To do. Return exactly the lines below, starting with the one that has "100 South Crestline Drive 65 Pool" and going on through the one that has "Audi A6 4 of 23".

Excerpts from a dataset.
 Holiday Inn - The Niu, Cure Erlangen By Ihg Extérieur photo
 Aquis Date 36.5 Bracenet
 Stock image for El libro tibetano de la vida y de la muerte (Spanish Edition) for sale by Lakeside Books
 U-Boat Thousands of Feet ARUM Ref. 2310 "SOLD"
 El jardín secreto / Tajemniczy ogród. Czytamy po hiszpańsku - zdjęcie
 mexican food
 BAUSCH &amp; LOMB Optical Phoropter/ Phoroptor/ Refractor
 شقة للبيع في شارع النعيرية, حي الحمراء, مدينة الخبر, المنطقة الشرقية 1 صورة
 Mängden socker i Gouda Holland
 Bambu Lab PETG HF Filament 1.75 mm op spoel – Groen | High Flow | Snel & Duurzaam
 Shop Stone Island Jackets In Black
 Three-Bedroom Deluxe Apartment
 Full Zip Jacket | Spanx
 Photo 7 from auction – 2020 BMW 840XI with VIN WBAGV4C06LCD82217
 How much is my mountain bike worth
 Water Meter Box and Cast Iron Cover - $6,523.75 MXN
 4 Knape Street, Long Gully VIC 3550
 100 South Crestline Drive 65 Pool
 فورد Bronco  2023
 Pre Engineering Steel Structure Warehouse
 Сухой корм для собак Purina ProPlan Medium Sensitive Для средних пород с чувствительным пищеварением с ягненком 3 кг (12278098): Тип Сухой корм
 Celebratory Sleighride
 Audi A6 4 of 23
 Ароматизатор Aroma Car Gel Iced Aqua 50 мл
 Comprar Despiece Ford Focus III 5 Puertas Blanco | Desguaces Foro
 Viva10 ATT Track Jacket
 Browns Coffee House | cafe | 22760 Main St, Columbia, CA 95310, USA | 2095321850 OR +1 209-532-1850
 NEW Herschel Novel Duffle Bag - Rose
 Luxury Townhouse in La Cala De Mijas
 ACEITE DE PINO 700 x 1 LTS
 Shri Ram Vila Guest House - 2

Reply to the exercise.
 100 South Crestline Drive 65 Pool
 فورد Bronco  2023
 Pre Engineering Steel Structure Warehouse
 Сухой корм для собак Purina ProPlan Medium Sensitive Для средних пород с чувствительным пищеварением с ягненком 3 кг (12278098): Тип Сухой корм
 Celebratory Sleighride
 Audi A6 4 of 23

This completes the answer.